Here are examples of different certifications or training candidates might choose to highlight based on their education level:
1High school diploma & an internship or apprenticeship:
- Welding Technology certification
- EMT Paramedic certification
- Business Administration and Management training program
- FAA Certificate
2High school diploma and associate degree:
- Registered Nursing Certification
- Single Subject Credential
- Marketing Management certificate
- Human Resources training
- HRIS technologies certification
- UX customer certification
4Bachelor’s and Masters:
- CCSP Network Security
- Novell Certified Linux Professional 10 (NCLP10)
- Certified Information System Security Professional
5Bachelor’s, Master’s and Ph.D.:
- EKG-ECG certificate
- HIPAA Compliance
- Secondary Education credential
Resume Education FAQ
Should education be at the top or bottom of a resume?
Your education section’s location depends on your experience level. Someone using the standard chronological format would have their education section near the bottom of the document. In contrast, a recent graduate or someone in the academic field would have their education section more toward the center of their resume.
Should I put unfinished education on my resume?
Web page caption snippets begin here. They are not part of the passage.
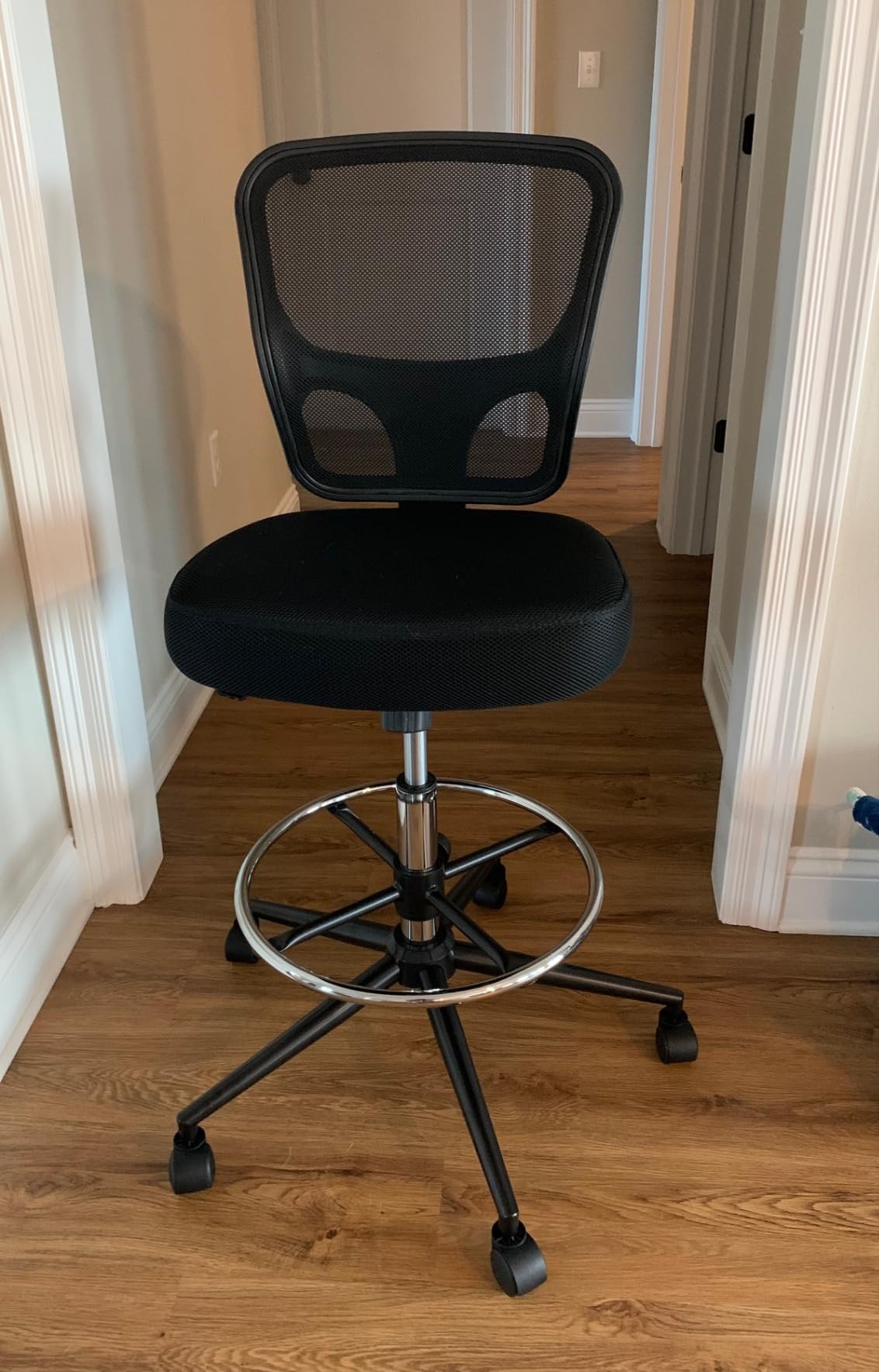 Armless Drafting Chair Tall Office Chair Adjustable Height High Back Ergonomic Desk Chair Drafting Stool Rolling Bar Stools Chairs with Footrest and Wheels customer photo 1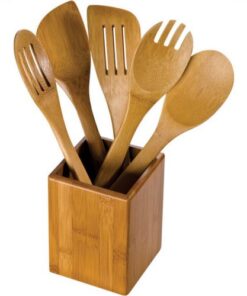 6-piece Bamboo utensil set in holder.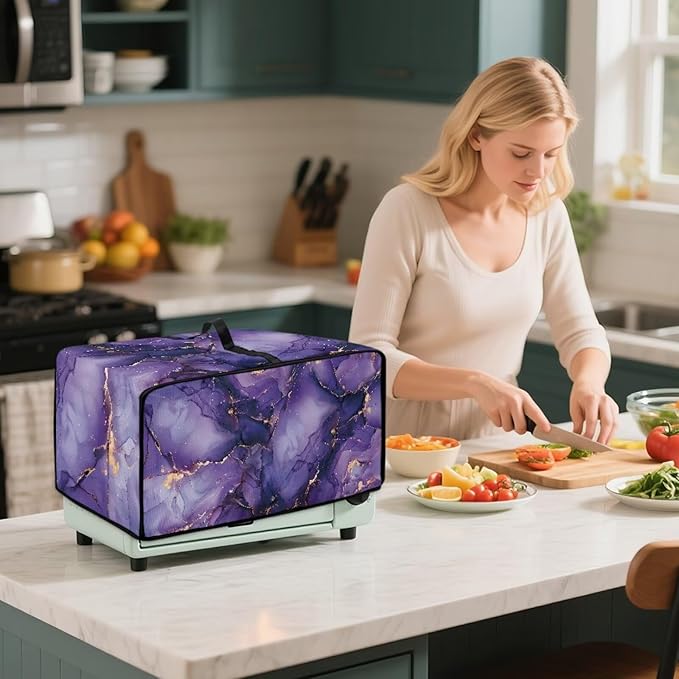 Convection Oven Dust Cover with Pockets, Easy to Clean, Electric Appliance Protector Smart Microwave Oven Cover for Countertop, M, 16.5 x 20.5 x 10 Inches, Violet Gold Marble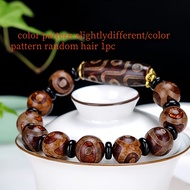 TEMU Vintage Natural Stone Dzi Bead Bracelet, Three-eye And Nine-eye Tibetan Style String For Men An
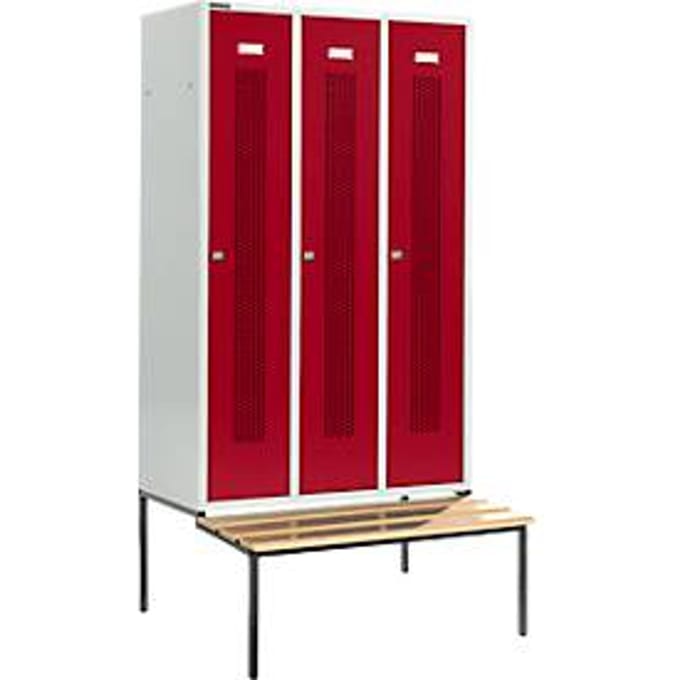Schäfer Shop Select Kledinglocker, met zitbank, 3 compartimenten, 400 mm, cilinderslot, Deur robijnrood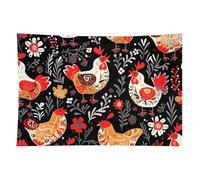 HETVBNS Cute Rooster Chickens Tapestry Wall Hanging - 40"x60" Aesthetic Tapestries Soft Polyester Wall Art Decor Large Tapestry for Bedroom Living Room Dorm Backdrop, Hanging Kit Included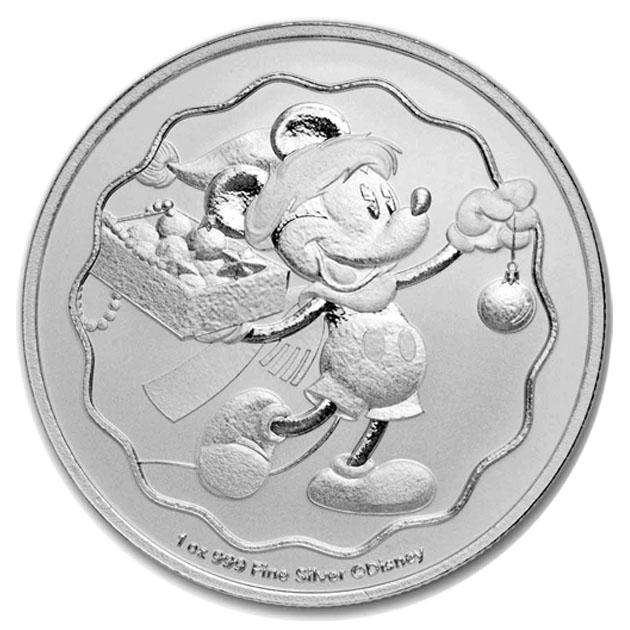ディズニー銀貨1オンス31,1g,99,9%純銀ニュージーランド造幣局保証書新品 ミッキークリスマス銀貨 1オンス 2025年製 クリアケース入り 純銀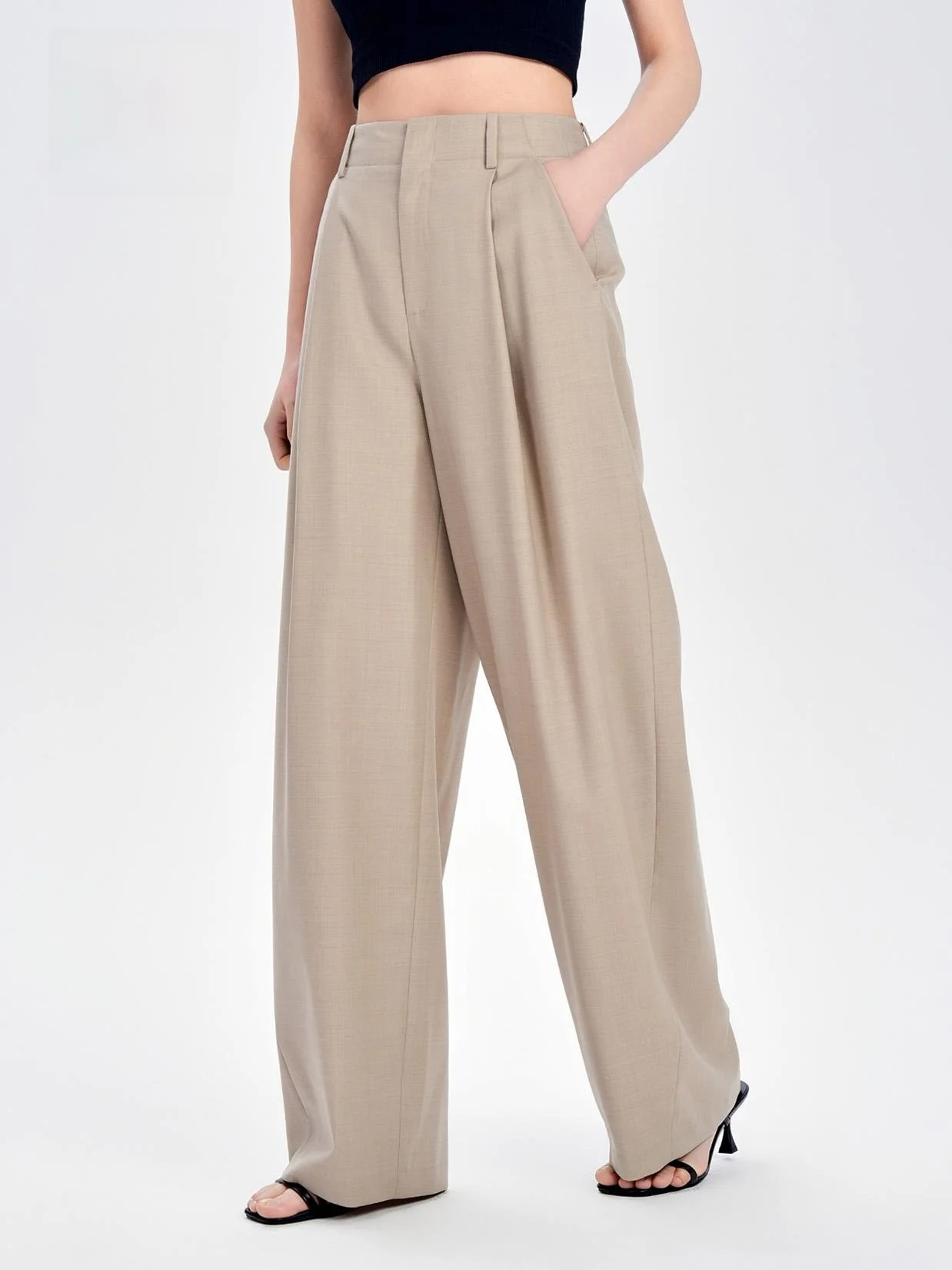

QFKQ Luxury Woolen Wide Leg Suit Pants for Women Commute Workwear High Waist Long Trousers Spring New Style Premium Spun Wool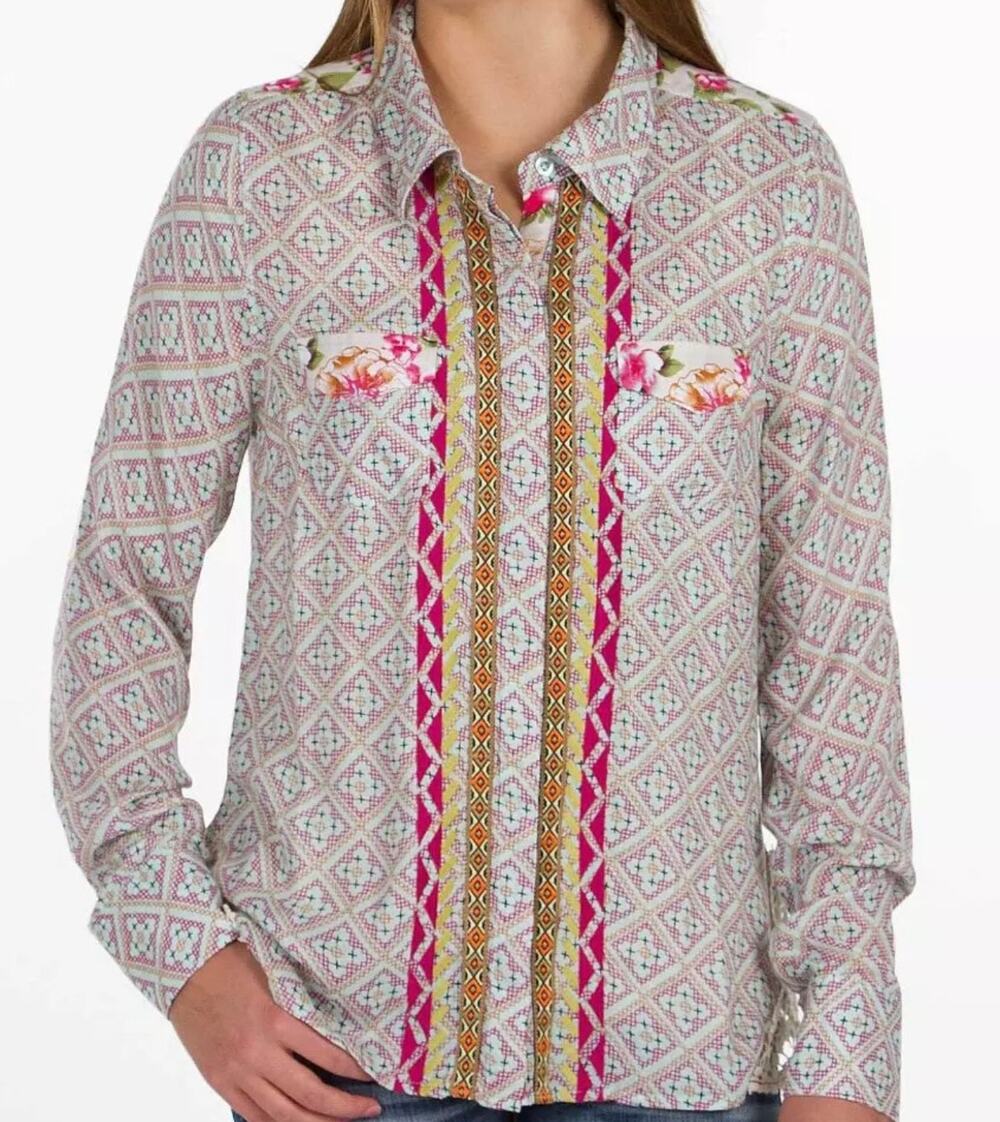 BKE Multicolor Geometric & Floral Button-Up Blouse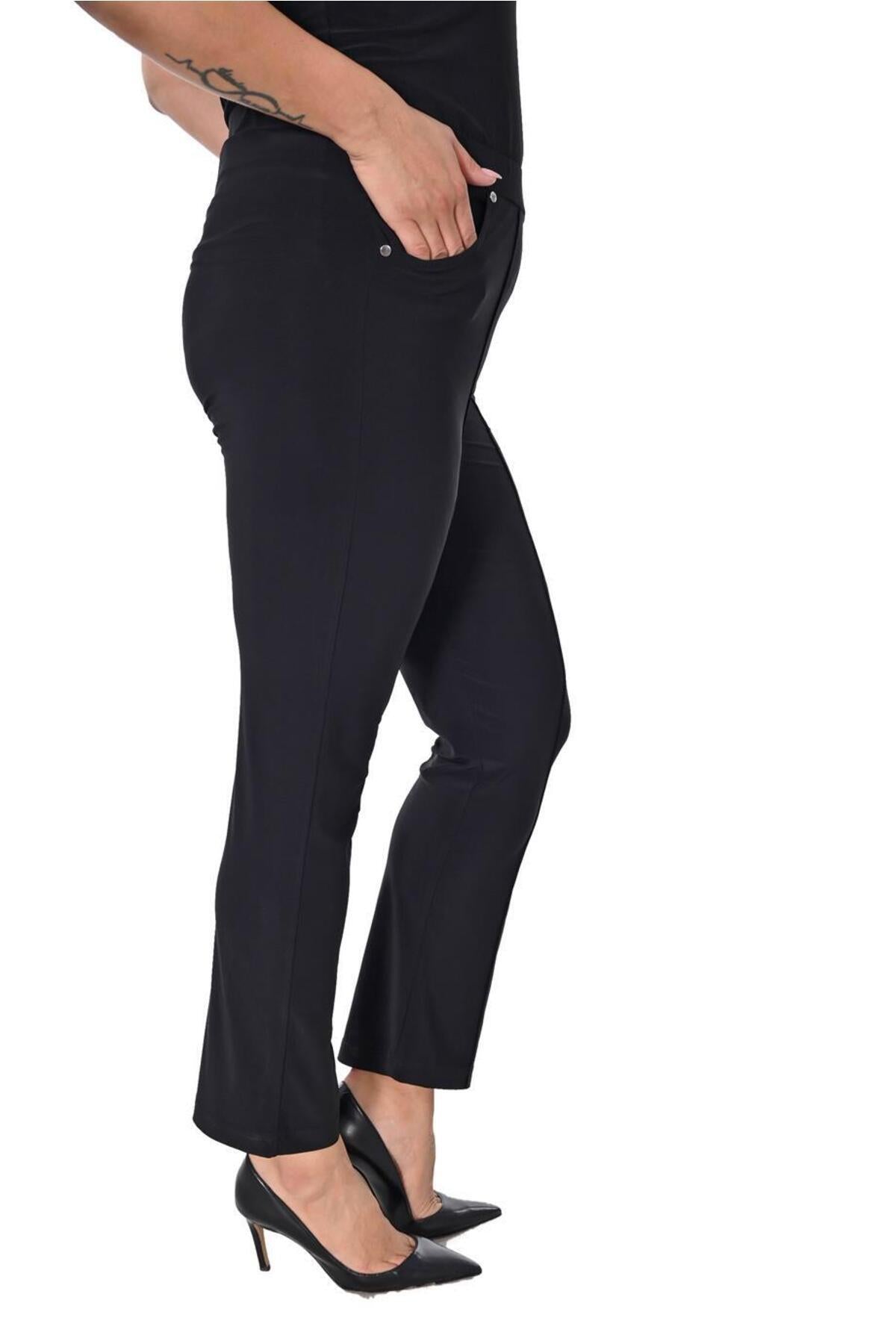 Plus Size Elastic-Waist Straight-Leg Trousers in Black – additional product view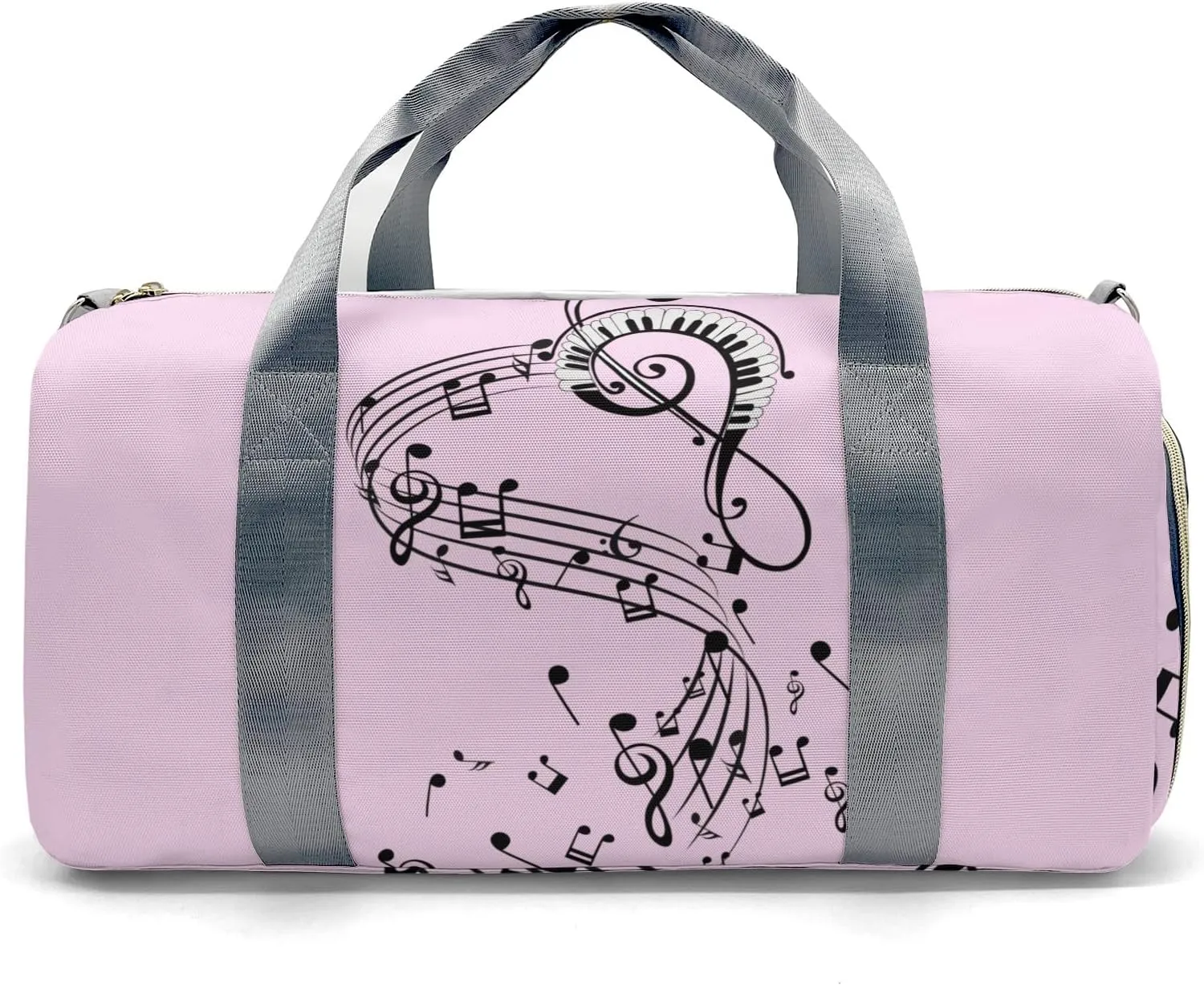 Personalized Duffel Bag Abstract Music Notes Pink Customized Multi-Function Travel Bag Gym Sports Bag Dance Bag Women Men Carry On Weekend Bags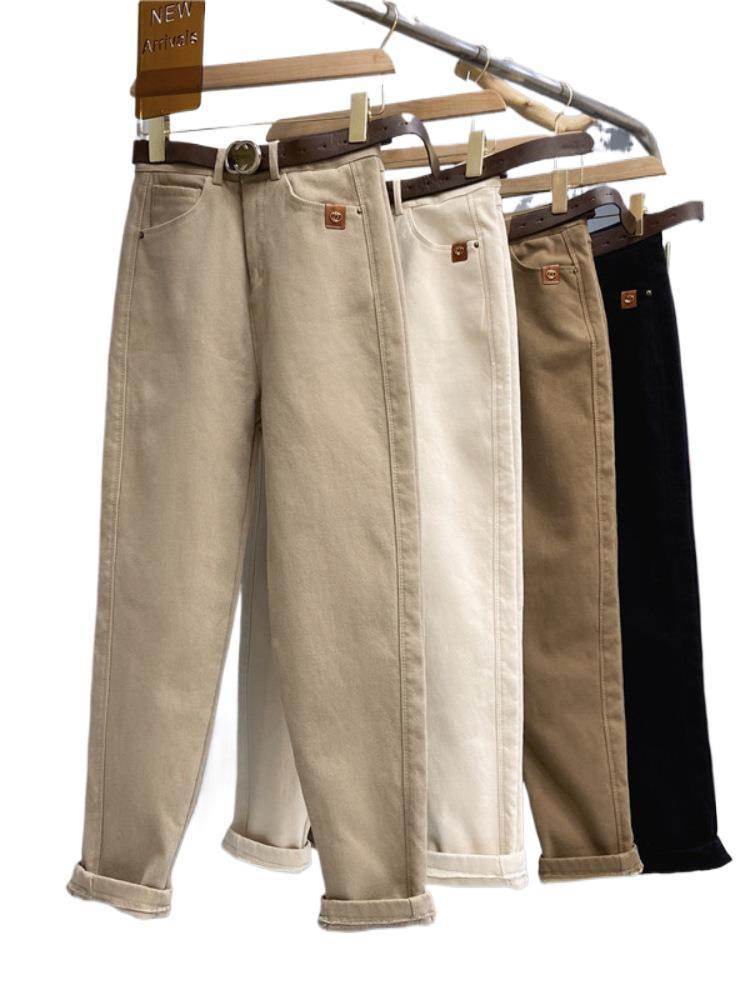 Plus Size Women's High Waist Denim Thick Trousers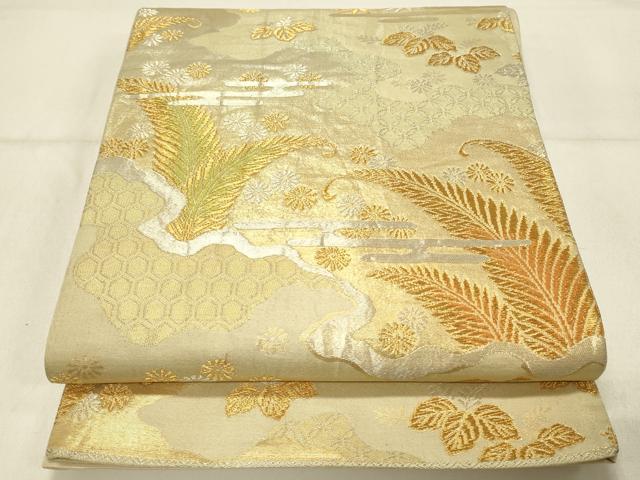 平和屋着物◎六通柄袋帯　草花文　金銀糸　正絹　逸品　DABE3629qp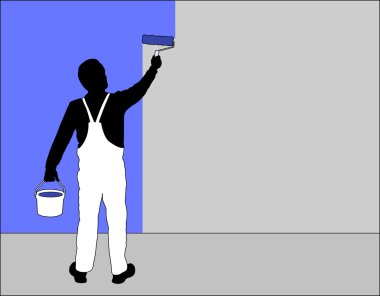 Duvarı boya rulosuyla boyayan adam.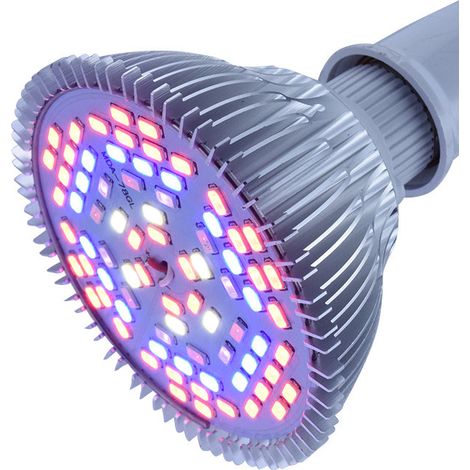 Ampoule de culture à LED 50W, ampoule à spectre complet pour plantes 78LEDs, lampe de culture pour plantes d'intérieur, légumes et semis, lumière de culture pour serre, sol organique (1 paquet) A (1/3)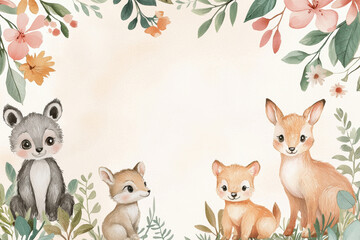 Naklejka premium Adorable Baby Animal Greeting Card Template for Baby Shower Messages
Having some educational experience is always better than not including any. If you are currently in an education program, note your expected graduation date. If you started a program but did not complete it and it is relevant to your industry — format the section as usual but include the phrase “some college” or “to be completed in (year).”
Do you put current education on your resume?
Yes. Including current education is encouraged on a resume. You can format your section with your institution’s location, name and expected graduation date. Remember, current education and dates can be shown, but anything irrelevant or 10 years or more out of date should not be included.
Should I put my GPA on my resume?
Including your GPA can help you if you’re a recent graduate. However, for most people, it’s advised to leave your GPA off your resume.
Add your GPA to your education listing only if you meet these two points:
- It’s been under two years since you graduated. Otherwise, including your GPA may seem like bragging or hanging onto your student days.
- Your GPA is higher than 3.0. Anything less will not make a good impression, don’t include it.